# Final capstone project

## Tehran venues analysis

## 1. Introduction

### 1.1 Background

Tehran is a very big city in terms of the number of districts and population. Tehran has over 22 districts with a population of 12 million people(2018) which makes it the second most populated city in the middle east after Istanbul. A big city like Tehran has lot’s of neighborhoods and many venues.

### 1.2 Problem

Unfortunately, a big city like Tehran doesn’t have a good analysis of their venues. For example, a tourist doesn’t know the best places in Tehran based on each neighborhood so In this project we are going to cluster each neighborhood in 22 districts of Tehran based on their top 10 venues in each neighborhood

### 1.3 Interest

The output of this project can be very helpful for tourists or anyone who is interested in finding the best venues of Tehran based on their neigborhoods.

## 2. Data acquisition

Surprisingly, Tehran doesn’t have a clean database for data scientists. As a data scientist you have to pretty much collect everything you need yourself.

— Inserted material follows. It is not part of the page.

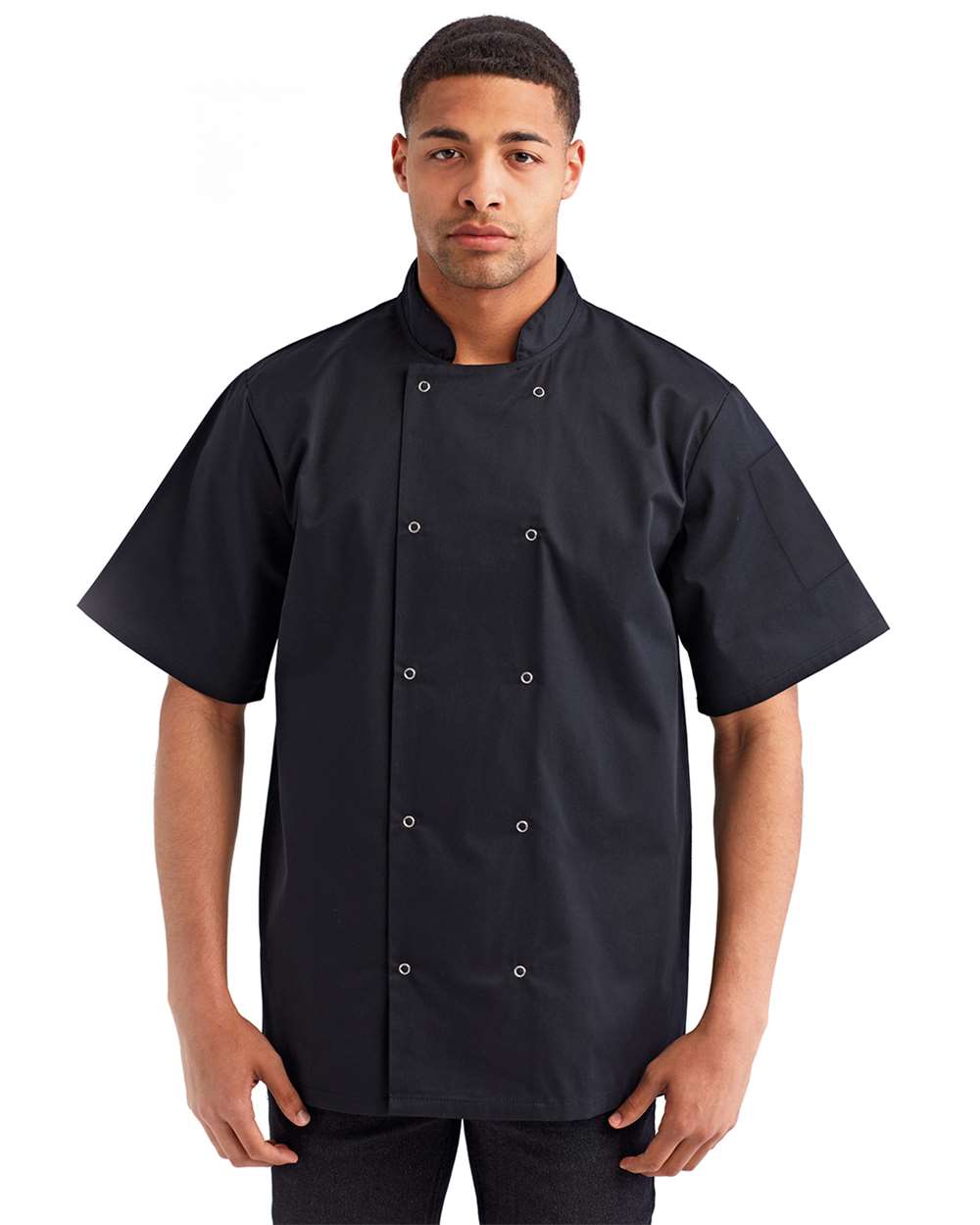 Artisan Collection by Reprime-RP664-Ten Studded Front Chef Short Sleeve Coat - Image 5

So my first step would be to collect neighborhoods data from here and put each one in a row of my Dataframe. After this step I will collect the coordinates for my neighborhoods to plot my data on a map. Coordinates will be collected by Geopy library. For the Final step, I will get my venues data based on each neighborhood using Foursquare API which surprisingly has a valuable database for the city of Tehran.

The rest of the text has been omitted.